March 29, 2023: Thomas Sostarics

Pitch Accent Variation and the Interpretation of Rising Declaratives

A well-known property of English is the encoding of pragmatic speech act meaning in the pitch pattern at the end of a prosodic phrase. A phrase with declarative syntax that ends in a falling pitch trajectory conveys an assertion, while a final rising pitch trajectory conveys a question. The pitch contour across this region of the phrase is the phonetic implementation of an abstract, phonologically specified, representation called the nuclear tune made up of the concatenation of high and low primitives: pitch accents and edge tones.

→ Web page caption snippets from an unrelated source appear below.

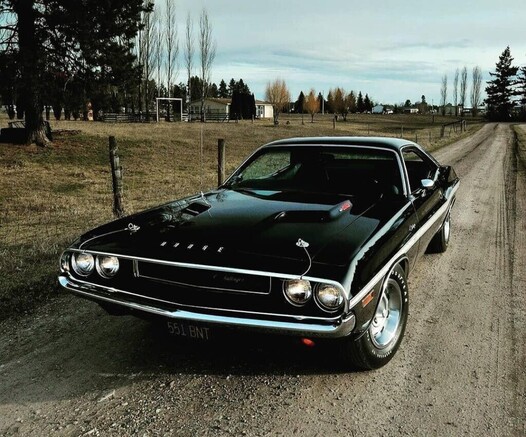 1970 Dodge Challenger (1080x896)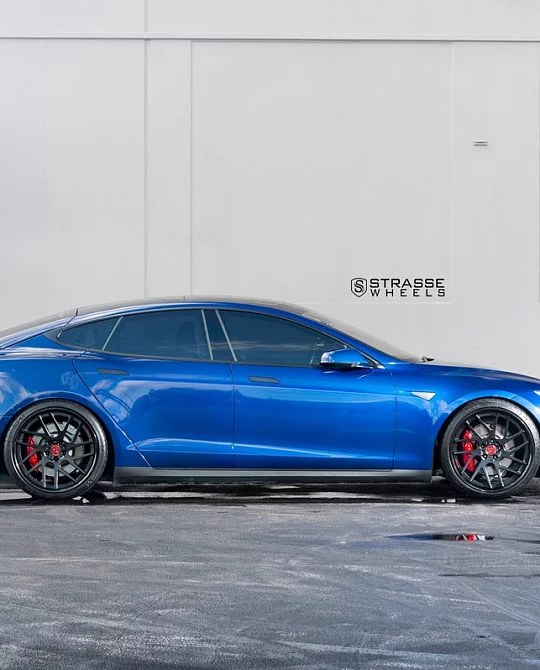 Фото дисков SM7T Deep Concave Черный матовый на Tesla Model S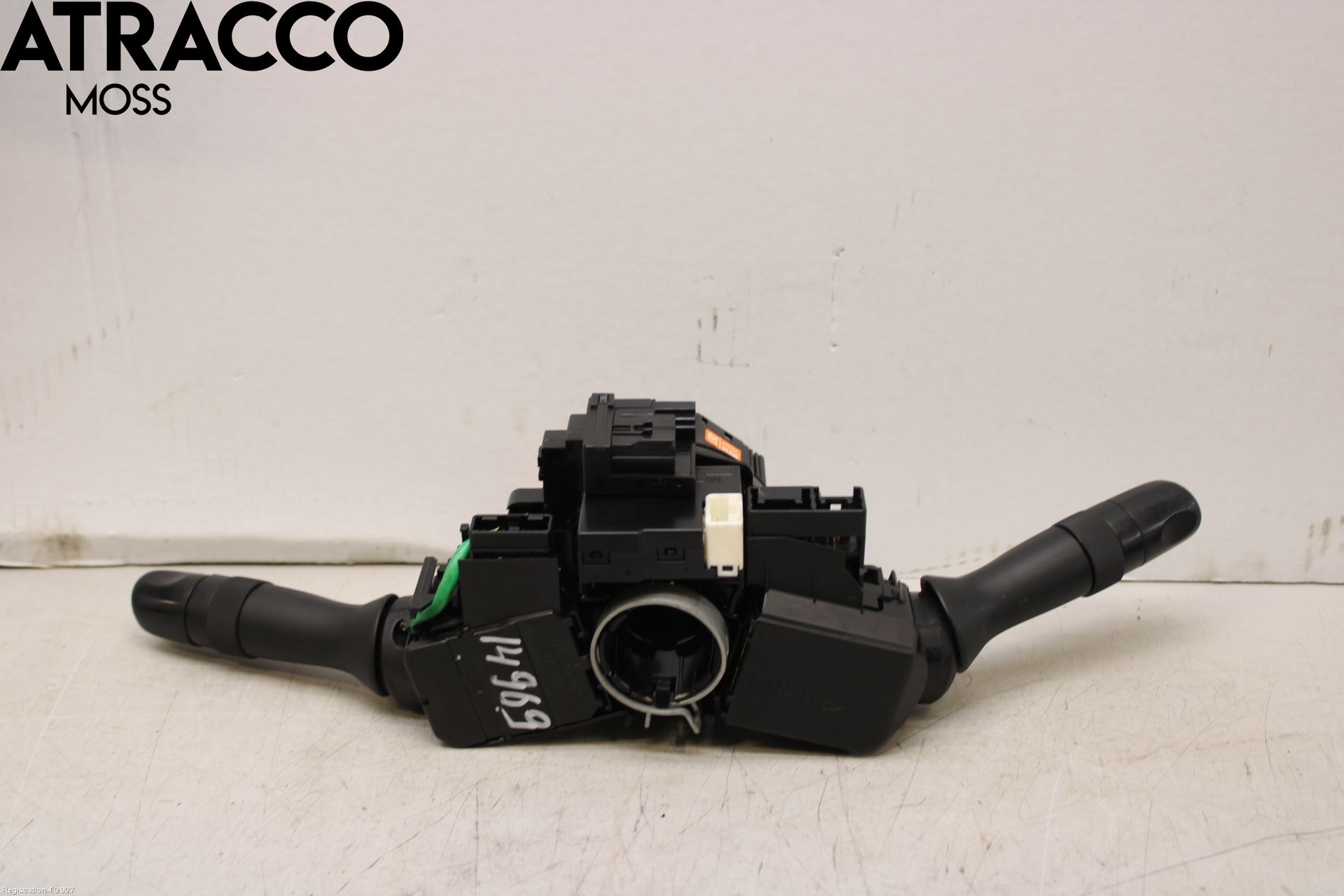 Toyota YARIS XP130 15-20 Bryter Ratt Kombi H Og V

In this work from my dissertation I test competing accounts of the locus of intonational encoding of the question/assertion contrast. I examine both rising and falling tunes in the context of ongoing work on rising declaratives to determine which part of the pitch contour encodes this aspect of meaning: is it the region spanning the pitch accent or the region of the edge tones? Furthermore, in light of the pervasive variation in intonational form, I also investigate the degree to which variation in the phonetic implementation of the pitch accent and/or edge tones influences listener interpretation. Across three perception experiments, I find that the pitch accent of a tune does not contribute to assertive force. Rather, the distinction between assertive and inquisitive interpretations is cued primarily by the final F0 of the pitch contour regardless of the pitch accent, but that increased overall pitch prominence may trigger a salient focus interpretation that interferes with question/assertion interpretation, providing empirical support for leading compositional theories of intonational meaning.